(Dataset items)
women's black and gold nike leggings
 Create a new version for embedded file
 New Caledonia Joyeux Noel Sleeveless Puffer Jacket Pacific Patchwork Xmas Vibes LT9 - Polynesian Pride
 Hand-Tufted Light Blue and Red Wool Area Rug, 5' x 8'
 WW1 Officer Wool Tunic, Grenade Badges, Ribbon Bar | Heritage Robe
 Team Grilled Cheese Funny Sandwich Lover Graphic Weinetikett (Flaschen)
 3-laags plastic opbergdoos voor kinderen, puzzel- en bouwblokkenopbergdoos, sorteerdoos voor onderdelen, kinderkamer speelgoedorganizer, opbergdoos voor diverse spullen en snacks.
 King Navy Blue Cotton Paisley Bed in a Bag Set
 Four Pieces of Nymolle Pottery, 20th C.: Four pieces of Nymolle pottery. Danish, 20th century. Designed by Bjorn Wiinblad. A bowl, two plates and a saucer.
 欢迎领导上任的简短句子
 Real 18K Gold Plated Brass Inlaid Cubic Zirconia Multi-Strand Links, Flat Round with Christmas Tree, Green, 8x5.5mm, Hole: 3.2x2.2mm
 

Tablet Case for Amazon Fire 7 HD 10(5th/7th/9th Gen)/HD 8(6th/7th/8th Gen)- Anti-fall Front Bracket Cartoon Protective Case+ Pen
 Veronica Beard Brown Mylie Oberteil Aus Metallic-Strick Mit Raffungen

▸ Task description
Please return only the lines above, starting at the line that has "Create a new version for embedded file" and ending at the line that has "Hand-Tufted Light Blue", keeping both and leaving each one unchanged.

▸ Reply to the exercise
 Create a new version for embedded file
 New Caledonia Joyeux Noel Sleeveless Puffer Jacket Pacific Patchwork Xmas Vibes LT9 - Polynesian Pride
 Hand-Tufted Light Blue and Red Wool Area Rug, 5' x 8'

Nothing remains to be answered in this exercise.